Notre-Dame-des-Landes, l'aéroport enterrédossier
Alors que la fin de la trêve hivernale ce week-end pourrait déclencher les expulsions, se pose la question de l’attribution des terres. Doivent-elles revenir en priorité à ceux qui en ont été expropriés ou à ceux qui les ont cultivées toutes ces années ?
Sur la D281, surnommée la «route des chicanes», jeudi. (Photos CYRIL ZANNETTACCI)

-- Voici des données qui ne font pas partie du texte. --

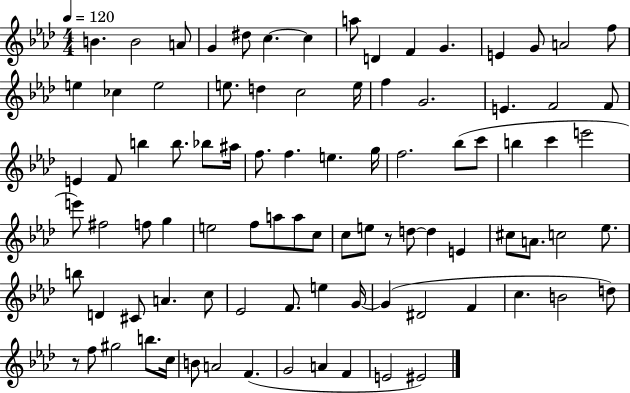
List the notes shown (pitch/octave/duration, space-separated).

B4/q. B4/h A4/e G4/q D#5/e C5/q. C5/q A5/e D4/q F4/q G4/q. E4/q G4/e A4/h F5/e E5/q CES5/q E5/h E5/e. D5/q C5/h E5/s F5/q G4/h. E4/q. F4/h F4/e E4/q F4/e B5/q B5/e. Bb5/e A#5/s F5/e. F5/q. E5/q. G5/s F5/h. Bb5/e C6/e B5/q C6/q E6/h E6/e F#5/h F5/e G5/q E5/h F5/e A5/e A5/e C5/e C5/e E5/e R/e D5/e D5/q E4/q C#5/e A4/e. C5/h Eb5/e. B5/e D4/q C#4/e A4/q. C5/e Eb4/h F4/e. E5/q G4/s G4/q D#4/h F4/q C5/q. B4/h D5/e R/e F5/e G#5/h B5/e. C5/s B4/e A4/h F4/q. G4/h A4/q F4/q E4/h EIS4/h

publié le 30 mars 2018 à 20h16

L’abandon du projet d’aéroport, annoncé le 17 janvier, n’a pas tout réglé : la «zone à défendre» (ZAD) de Notre-Dame-des-Landes reste un terrain hautement inflammable. Avec d’un côté les 200 à 300 habitants illégaux sur ces terres au nord de Nantes, qui souhaitent être régularisés pour mener à bien leur projet de société alternative. Et de l’autre l’Etat, propriétaire de la plupart de ces 1 650 hectares de terres, qui pourrait, en principe, mettre à exécution sa menace d’expulsion dès dimanche, avec la fin de la trêve hivernale.

«Argent du beurre». La moitié de la zone est sous le coup de cette menace. Pas les paysans «historiques», expropriés mais bientôt réhabilités, ni les agriculteurs ou artisans bénéficiant d'une occupation temporaire jusqu'à novembre 2018. «Extrêmement inquiets», les zadistes se préparent à de possibles affrontements avec les gendarmes mobiles, dont la présence s'est renforcée depuis début février, officiellement pour «protéger» les travaux de rénovation de la départementale D 281, la «route des chicanes» sur laquelle les militants avaient installé des squats et des ralentisseurs. Mais les conflits montent aussi avec les paysans qui possédaient ou louaient des champs et veulent les récupérer. Après un silence de plusieurs années, ils dénoncent des intimidations violentes des zadistes sur leur canal favori, le site très à droite Breizh-info. «C'est une sorte de mafia qui se livre à l'expropriation», s'emporte ainsi l'un de ces paysans conventionnels, qui dénonce par ailleurs le manque de normes sanitaires sur les exploitations zadistes. Ou encore : «C'est dingue que d'autres agriculteurs viennent donner des leçons, c'est à s'en dégoûter du métier. Ce n'est pas la Gestapo, ce sont des agriculteurs qui débarquent dans ta ferme te donner des leçons et prendre tes terres ! Je n'accepte pas ça.» Les zadistes répliquent que ces paysans, déjà dédommagés dans le cadre des procédures d'expropriation, sont des «cumulards» : «Ils veulent le beurre et l'argent du beurre.»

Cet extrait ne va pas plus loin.